Over 145 countries suffer from a deteriorating middle class (Howton); failing government programs and lack of economic opportunity make it difficult for people to get out, or stay out of poverty. According to the World Bank, “in much of the world, growth rates are too slow, and investment is too subdued to increase median incomes. For many nations, poverty reduction has slowed or even reversed” (para 3). Nearly half of the people on this earth live on less than $2.50 a day (Shue), which places them in the mid-lower-class range on a scale of social status in America. This amount of money isn’t worth hardly anything when compared to the present day prices of food, shelter, and clothes, yet almost 3 billion people are forced to find ways to live off of it in order to survive. In 2016, the average middle and lower class’ incomes combined equaled $104,066 while the upper class’ income alone equaled $187,872 (Kochhar). This means that the annual salary of 81 percent of Americans was at a 2:1 upper to middle and lower class ratio.

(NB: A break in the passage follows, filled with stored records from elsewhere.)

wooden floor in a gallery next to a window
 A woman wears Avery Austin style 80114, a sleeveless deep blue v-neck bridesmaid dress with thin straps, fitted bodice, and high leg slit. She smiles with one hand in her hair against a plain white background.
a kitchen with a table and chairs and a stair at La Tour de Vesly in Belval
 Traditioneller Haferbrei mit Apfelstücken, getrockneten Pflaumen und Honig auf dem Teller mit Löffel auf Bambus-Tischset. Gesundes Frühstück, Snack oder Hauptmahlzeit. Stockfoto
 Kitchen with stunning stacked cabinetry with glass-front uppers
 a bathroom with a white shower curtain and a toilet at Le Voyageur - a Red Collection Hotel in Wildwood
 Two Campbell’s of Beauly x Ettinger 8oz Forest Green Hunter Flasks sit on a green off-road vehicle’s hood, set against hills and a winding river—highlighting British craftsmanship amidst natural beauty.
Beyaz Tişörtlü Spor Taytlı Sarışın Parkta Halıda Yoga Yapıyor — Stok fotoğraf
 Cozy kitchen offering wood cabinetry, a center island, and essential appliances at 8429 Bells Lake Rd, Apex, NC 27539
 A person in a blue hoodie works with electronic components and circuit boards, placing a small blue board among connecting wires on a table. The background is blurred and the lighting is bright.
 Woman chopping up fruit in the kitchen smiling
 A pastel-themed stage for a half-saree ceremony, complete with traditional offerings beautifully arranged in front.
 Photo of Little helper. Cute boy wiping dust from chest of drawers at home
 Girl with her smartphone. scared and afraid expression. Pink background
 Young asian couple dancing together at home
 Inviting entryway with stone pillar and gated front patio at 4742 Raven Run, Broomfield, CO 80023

The Pew Research Center expresses that the percentage of people considered middle-income Americans has shrunk since 1971 by 9 percent and the percentage of lower-class Americans has increased by 4 percent (para 1). When the Great Recession of 2007-2009 hit, the upper class recovered with a $4,192 increase to their annual income, but the middle class only gained $380 more than what they had in 2000 and the lower class took a loss to the failing economy by almost $1,299 (Kochhar). In saying that, though the wealthy are getting richer, the broadening gap between the upper and lower class are causing more people to become poor. As of September 2019, a report from NBC shows that nearly 29 percent of Americans are classified as the lower class or impoverished (Elkins). Why is it that in America, a thriving first-world country, we continue to have these issues?

At the start of the Great Depression, nearly 18 million Americans lived at a bare subsistence level in the United States and by 1933, another 13 million had been thrown out of work (Constitutional Rights Foundation). Years prior to the depression, local and state governments were obligated to assist those impoverished; however, after the stock market crashed, they found it increasingly difficult to carry the weight of so many starving families. Upon winning the election of 1932, Franklin D. Roosevelt became the first president to make welfare a federal responsibility; his New Deal “took action to bring about immediate economic relief as well as reforms in industry, agriculture, finance, waterpower, labor, and housing” (New Deal). His plan succeeded for a short period of time; however, in 1937, the U.S. Supreme Court declared certain New Deal laws unconstitutional “on the grounds that neither the commerce nor the taxing provisions of the Constitution granted the federal government authority to regulate industry or to undertake social and economic reform” (New Deal). Though historians argue that Roosevelt’s New Deal marked the beginning of several failed attempts at welfare reform, it created Social Security and built the foundation for future presidents to pursue.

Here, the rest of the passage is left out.